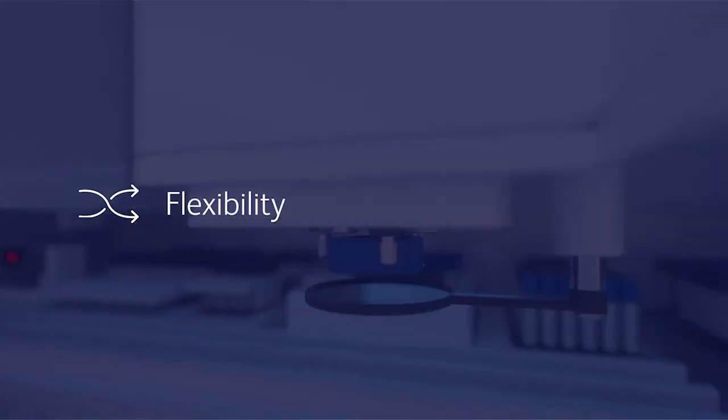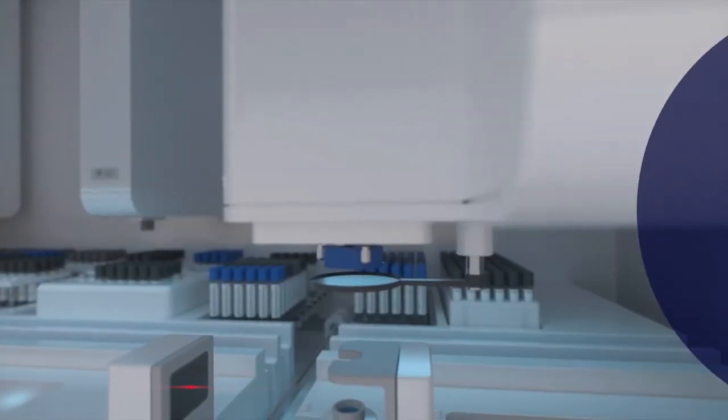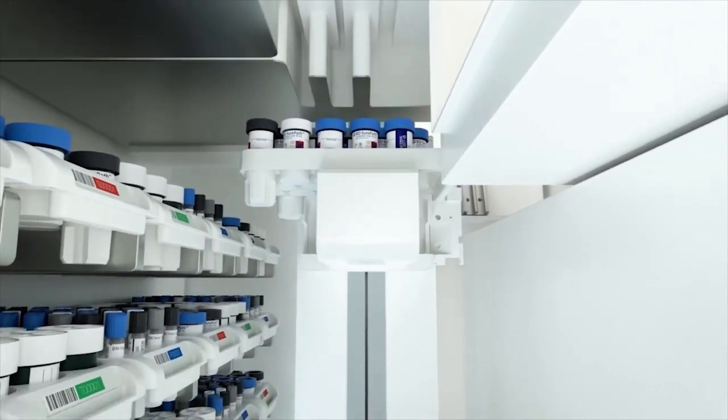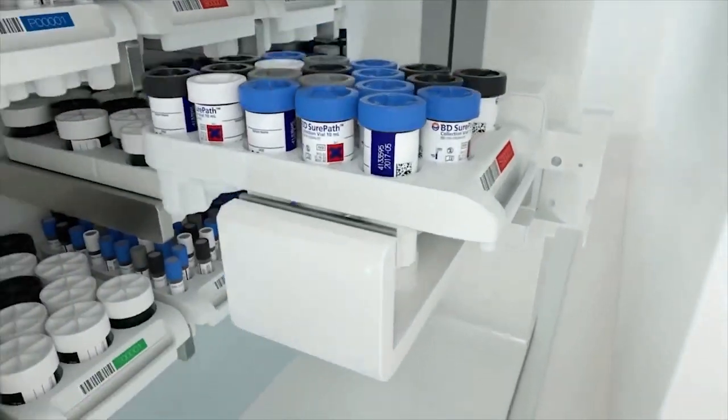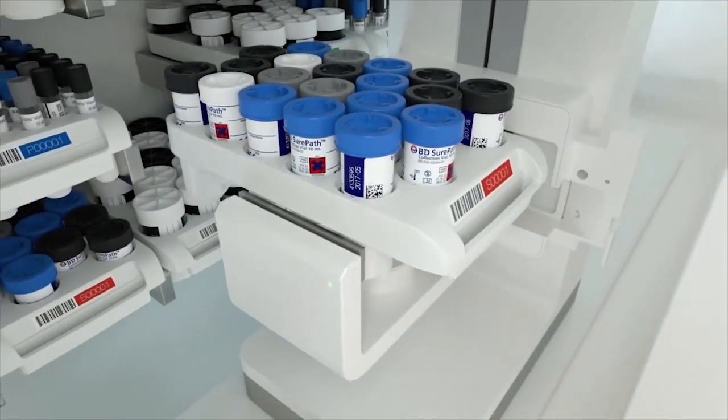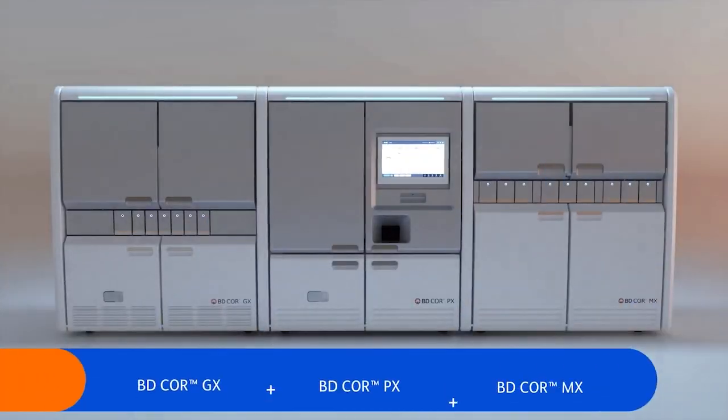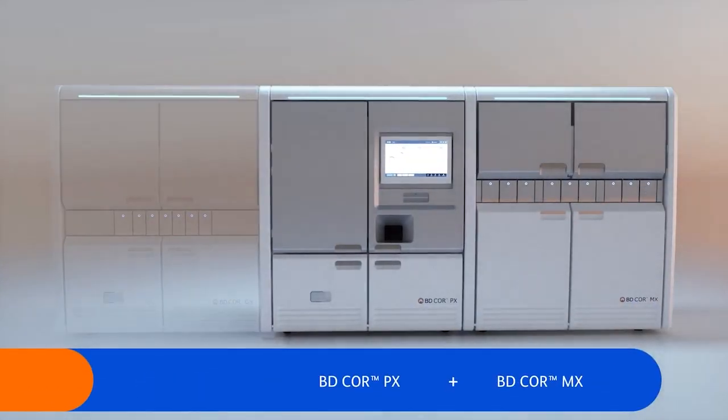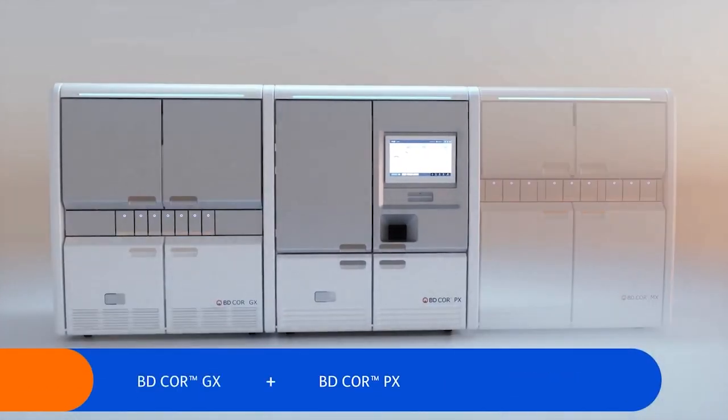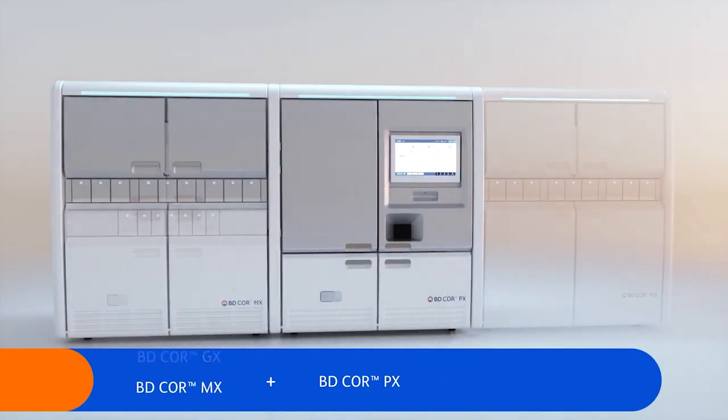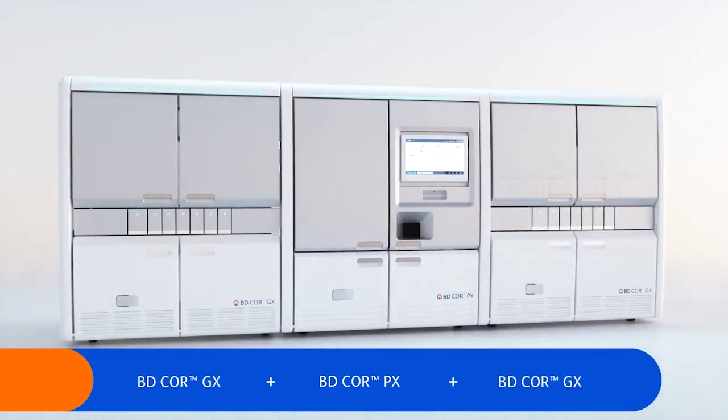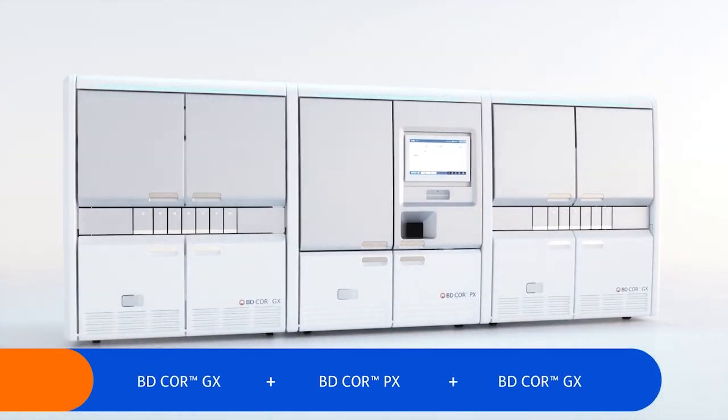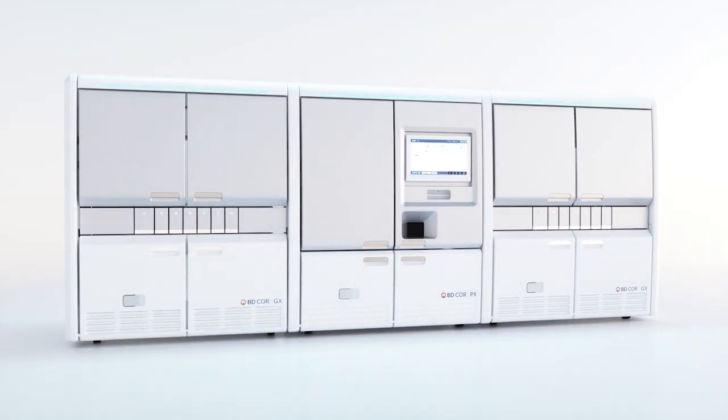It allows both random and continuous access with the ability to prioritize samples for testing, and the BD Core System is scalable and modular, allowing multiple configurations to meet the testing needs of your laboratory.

────────────────────────────────────────

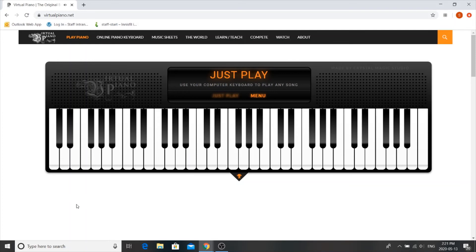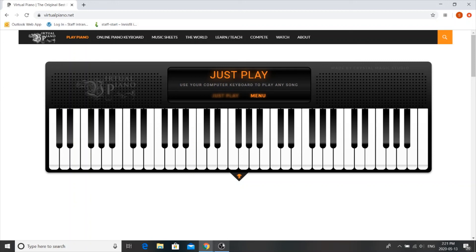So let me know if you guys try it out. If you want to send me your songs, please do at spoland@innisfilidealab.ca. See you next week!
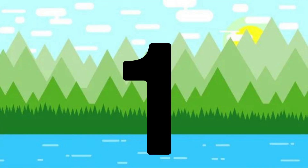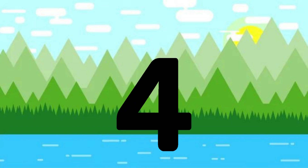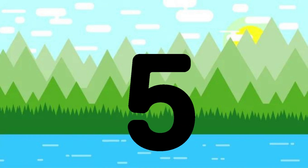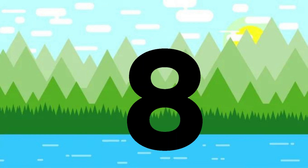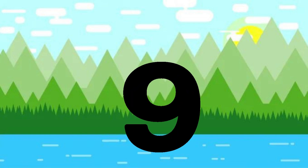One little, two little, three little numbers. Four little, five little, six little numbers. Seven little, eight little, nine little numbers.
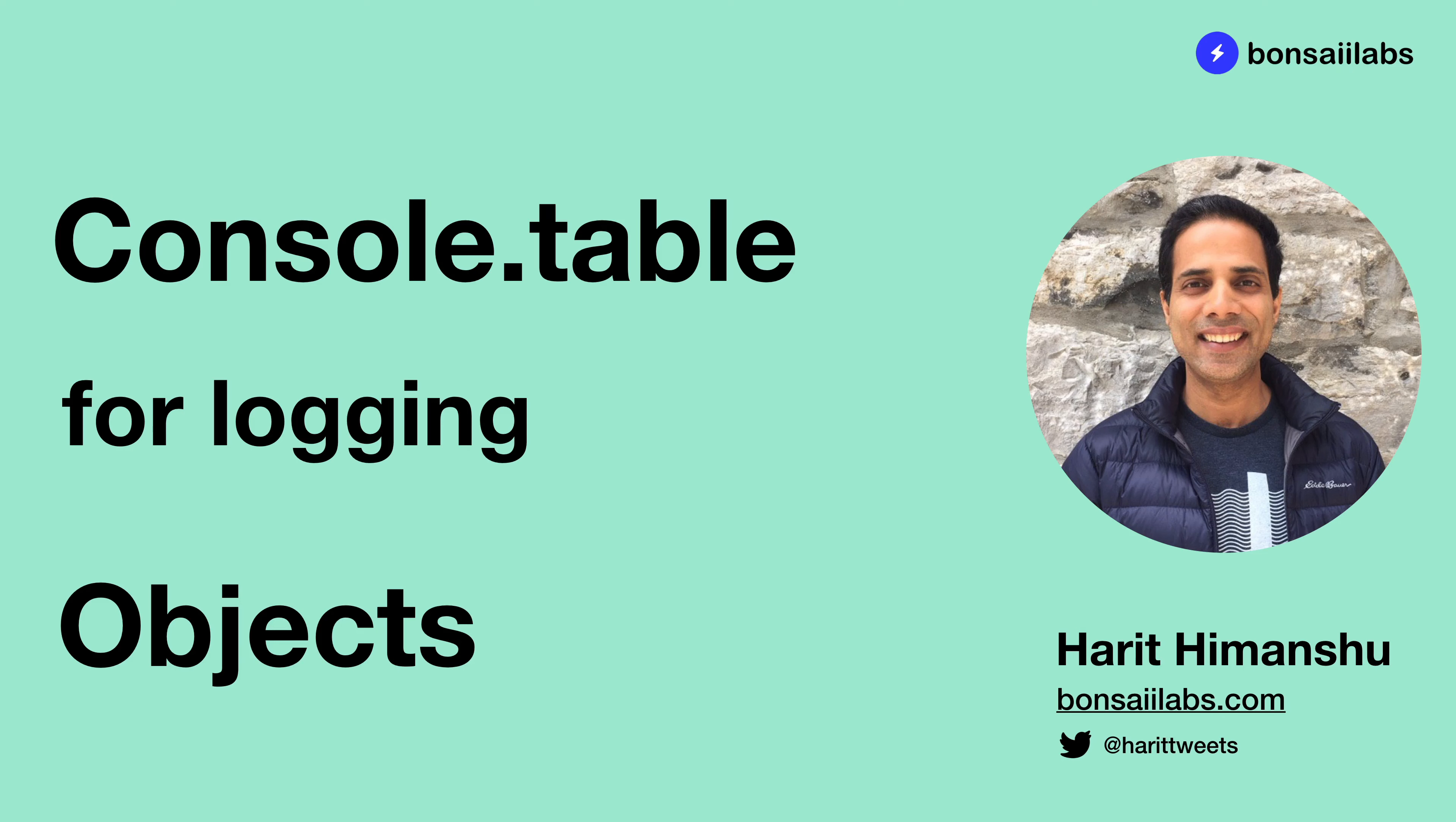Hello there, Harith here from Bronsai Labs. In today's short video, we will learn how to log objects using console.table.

────────────────────────────────────────

What to do — Write out the lines above from the one with "One little, two" through the one with "Hello there, Harith", ends included, exactly; no picture goes in.

Response to the exercise —
One little, two little, three little numbers. Four little, five little, six little numbers. Seven little, eight little, nine little numbers.
Hello there, Harith here from Bronsai Labs. In today's short video, we will learn how to log objects using console.table.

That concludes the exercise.